▸ **TASK TO COMPLETE**
From the records, return each line that has the word "фото" in it.

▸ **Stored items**
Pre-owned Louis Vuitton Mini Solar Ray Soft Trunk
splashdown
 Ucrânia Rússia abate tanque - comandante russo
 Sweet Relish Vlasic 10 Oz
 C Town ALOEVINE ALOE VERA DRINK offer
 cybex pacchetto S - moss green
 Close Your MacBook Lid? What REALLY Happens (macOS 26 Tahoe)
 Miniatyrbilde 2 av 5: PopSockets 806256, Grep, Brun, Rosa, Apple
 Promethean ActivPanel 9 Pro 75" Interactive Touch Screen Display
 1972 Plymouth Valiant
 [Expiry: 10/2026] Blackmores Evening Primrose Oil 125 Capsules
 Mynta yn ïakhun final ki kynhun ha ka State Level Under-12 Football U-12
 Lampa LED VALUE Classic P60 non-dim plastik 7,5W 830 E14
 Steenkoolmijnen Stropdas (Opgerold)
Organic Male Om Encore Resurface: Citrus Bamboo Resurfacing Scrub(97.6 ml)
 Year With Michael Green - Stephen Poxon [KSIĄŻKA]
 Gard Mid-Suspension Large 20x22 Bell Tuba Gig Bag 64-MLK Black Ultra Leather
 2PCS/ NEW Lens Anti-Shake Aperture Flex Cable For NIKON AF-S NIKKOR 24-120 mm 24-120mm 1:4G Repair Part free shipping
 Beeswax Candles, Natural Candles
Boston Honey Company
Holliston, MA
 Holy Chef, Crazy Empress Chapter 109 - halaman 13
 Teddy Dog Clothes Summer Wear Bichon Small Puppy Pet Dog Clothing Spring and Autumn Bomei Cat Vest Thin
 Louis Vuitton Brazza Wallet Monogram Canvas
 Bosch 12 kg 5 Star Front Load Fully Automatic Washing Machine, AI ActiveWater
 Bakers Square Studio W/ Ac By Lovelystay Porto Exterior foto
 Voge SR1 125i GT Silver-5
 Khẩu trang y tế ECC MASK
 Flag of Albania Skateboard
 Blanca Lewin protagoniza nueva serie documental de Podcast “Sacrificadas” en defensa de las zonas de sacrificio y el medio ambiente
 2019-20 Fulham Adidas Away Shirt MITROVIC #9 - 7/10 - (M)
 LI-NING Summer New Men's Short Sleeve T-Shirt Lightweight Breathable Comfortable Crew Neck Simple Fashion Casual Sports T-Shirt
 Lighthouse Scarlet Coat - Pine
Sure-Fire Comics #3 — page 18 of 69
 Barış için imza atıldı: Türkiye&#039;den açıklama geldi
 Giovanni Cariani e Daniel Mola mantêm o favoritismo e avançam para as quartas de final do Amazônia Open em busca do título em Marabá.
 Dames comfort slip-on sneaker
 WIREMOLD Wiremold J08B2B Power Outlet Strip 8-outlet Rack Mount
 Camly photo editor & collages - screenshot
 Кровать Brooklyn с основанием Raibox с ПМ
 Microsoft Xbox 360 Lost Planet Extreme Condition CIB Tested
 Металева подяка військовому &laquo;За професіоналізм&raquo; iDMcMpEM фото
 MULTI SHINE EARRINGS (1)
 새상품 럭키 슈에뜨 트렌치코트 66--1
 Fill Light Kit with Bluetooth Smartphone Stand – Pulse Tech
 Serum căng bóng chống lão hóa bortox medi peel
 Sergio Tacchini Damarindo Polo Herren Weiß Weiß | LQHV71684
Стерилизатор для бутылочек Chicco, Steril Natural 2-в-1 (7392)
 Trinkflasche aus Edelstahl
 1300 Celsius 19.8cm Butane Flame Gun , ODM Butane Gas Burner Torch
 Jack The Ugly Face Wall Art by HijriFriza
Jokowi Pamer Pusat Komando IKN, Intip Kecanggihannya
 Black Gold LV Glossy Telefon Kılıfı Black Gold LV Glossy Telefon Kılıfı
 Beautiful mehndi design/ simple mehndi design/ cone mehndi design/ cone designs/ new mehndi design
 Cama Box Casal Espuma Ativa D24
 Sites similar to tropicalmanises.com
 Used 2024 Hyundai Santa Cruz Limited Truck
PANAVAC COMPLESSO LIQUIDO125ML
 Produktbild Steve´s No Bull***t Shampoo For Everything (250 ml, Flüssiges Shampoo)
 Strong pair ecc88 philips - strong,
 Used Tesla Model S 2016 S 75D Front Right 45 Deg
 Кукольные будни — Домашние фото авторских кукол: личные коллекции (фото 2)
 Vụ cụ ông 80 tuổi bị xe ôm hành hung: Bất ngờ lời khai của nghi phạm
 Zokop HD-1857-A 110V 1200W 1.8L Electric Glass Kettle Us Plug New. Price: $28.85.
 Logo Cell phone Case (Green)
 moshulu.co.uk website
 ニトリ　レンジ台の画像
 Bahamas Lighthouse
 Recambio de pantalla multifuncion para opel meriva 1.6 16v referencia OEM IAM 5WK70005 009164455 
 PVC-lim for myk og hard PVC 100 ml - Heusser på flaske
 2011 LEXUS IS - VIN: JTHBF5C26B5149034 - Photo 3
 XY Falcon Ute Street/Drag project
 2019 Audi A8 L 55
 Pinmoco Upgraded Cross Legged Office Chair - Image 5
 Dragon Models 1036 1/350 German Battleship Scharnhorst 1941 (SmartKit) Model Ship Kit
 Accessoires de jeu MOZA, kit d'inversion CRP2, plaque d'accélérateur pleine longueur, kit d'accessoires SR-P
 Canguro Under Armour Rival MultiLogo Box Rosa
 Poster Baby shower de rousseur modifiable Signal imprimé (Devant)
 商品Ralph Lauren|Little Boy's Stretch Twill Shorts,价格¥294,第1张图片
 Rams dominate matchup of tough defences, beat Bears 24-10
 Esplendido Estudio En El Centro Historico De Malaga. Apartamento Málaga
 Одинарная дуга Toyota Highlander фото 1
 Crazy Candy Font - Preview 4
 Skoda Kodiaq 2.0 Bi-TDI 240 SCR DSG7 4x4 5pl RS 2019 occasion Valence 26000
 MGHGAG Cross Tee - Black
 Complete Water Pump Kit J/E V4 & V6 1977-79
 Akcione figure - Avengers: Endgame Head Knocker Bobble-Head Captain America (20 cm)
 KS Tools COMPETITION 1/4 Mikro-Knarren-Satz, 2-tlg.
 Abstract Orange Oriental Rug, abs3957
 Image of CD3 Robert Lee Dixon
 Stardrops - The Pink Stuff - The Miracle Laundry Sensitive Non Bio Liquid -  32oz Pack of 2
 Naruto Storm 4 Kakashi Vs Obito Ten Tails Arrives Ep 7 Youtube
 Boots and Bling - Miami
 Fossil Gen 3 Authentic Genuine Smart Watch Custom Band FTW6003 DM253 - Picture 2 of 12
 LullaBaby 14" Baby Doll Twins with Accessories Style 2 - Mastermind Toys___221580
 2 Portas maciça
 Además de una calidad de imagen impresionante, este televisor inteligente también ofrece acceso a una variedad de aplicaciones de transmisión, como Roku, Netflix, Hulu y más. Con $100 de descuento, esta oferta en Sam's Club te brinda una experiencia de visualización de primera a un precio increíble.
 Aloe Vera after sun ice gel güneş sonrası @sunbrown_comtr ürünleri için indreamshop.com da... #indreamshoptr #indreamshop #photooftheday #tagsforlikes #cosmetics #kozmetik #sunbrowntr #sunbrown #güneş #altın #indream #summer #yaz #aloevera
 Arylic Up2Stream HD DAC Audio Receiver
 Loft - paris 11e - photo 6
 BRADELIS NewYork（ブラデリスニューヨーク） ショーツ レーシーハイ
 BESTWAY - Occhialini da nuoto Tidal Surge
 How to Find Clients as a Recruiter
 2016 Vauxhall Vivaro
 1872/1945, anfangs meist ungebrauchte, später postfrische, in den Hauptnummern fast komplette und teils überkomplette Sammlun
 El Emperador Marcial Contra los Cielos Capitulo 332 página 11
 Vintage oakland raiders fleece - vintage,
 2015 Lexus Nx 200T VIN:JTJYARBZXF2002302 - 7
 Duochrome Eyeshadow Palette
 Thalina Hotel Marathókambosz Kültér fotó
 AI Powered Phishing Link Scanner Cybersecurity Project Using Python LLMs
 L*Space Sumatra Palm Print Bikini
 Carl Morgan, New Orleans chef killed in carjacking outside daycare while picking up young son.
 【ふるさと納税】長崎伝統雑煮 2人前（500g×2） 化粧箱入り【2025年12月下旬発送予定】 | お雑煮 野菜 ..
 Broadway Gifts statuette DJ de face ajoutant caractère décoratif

▸ **RESPONSE TO THE EXERCISE**
 Металева подяка військовому &laquo;За професіоналізм&raquo; iDMcMpEM фото
 Кукольные будни — Домашние фото авторских кукол: личные коллекции (фото 2)
 Одинарная дуга Toyota Highlander фото 1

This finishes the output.